Scar fetched the keys from one of the corpses, flicked blood off his fingers.

We limped down the hall. My boots left a trail, red and wet. Scar unlocked the gate, and we slipped inside. The cell block was a cold, dripping tomb. Three heavy doors, all locked. Declan went to the nearest and called out, “Moab?”

“About fucking time,” Moab said.

Declan worked the lock, cursing the whole time. Scar kept watch at the end, sword ready.

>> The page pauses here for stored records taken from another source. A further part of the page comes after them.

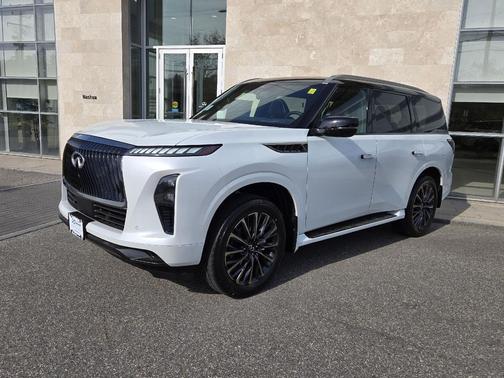 Radiant White/Black Obsidian 2026 INFINITI QX80 AUTOGRAPH AWD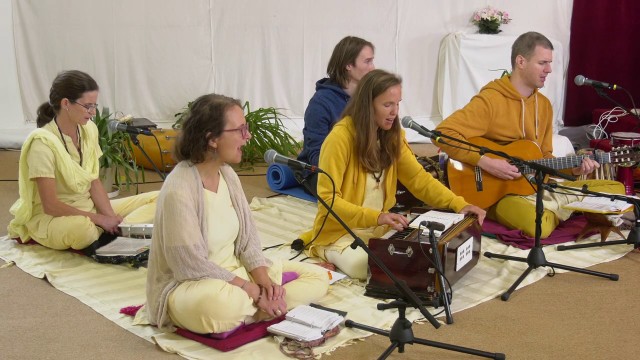 Bhajan singing from Strilky Ashram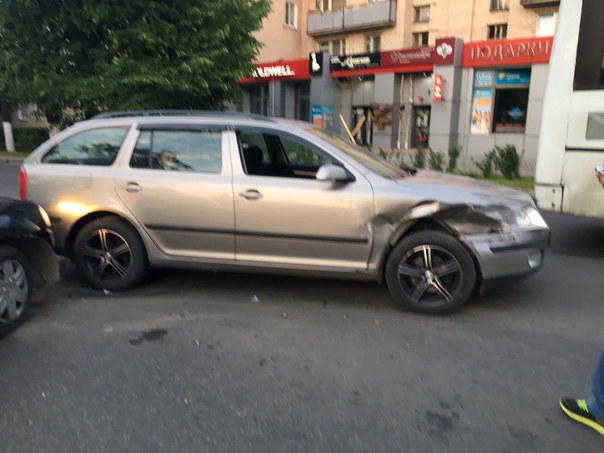 В Гатчине таксист не уступил дорогу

The door swung open. Moab stood inside, shirtless, face bruised but grinning. “We were just about to have a picnic,” he said, then saw me, and the grin died.

I thought he’d run to me, pick me up, bear-hug style. Instead, he just stared, and the look in his eyes was like seeing a dog shot on the road.

“Who did this to you?” he asked.

I tried to laugh. “Long story.”

He stepped forward and caught me before I could fall. “You still with us, Toolie?”

“Yeah,” I said. “But it’s getting harder to fake.”

He gave me a look, old and full of history, then set me back on my feet.

Scar unlocked the next cell. Scarlette was in there, sitting with her back to the wall, one knee pulled up, hands laced behind her head. She blinked at the light, then smiled when she saw Scar, then me.

“You look like shit,” she said. It was starting to be a theme.

“Nice to see you too,” I said, but the words came out as a croak.

She ran to Moab and jumped into his arms.

The last cell held Mama Celeste. She was sitting on the floor, eyes closed, lips moving in a silent chant. Her hair was a wild streak of silver and black, the braid coiled like a snake across her lap. She looked up, saw me, and smiled.

“Thank you for not dying,” she said, and stood, dignity intact despite the blood at her temple.

Two guards barreled in from the far door, muskets up. Moab charged before they could fire. He took the first one by the throat, lifted him, and smashed his head into the cell bars. The skull split with a crack like a green branch, bone and blood spraying. The other guard dropped the musket, drew a knife, and tried to stab Moab in the gut.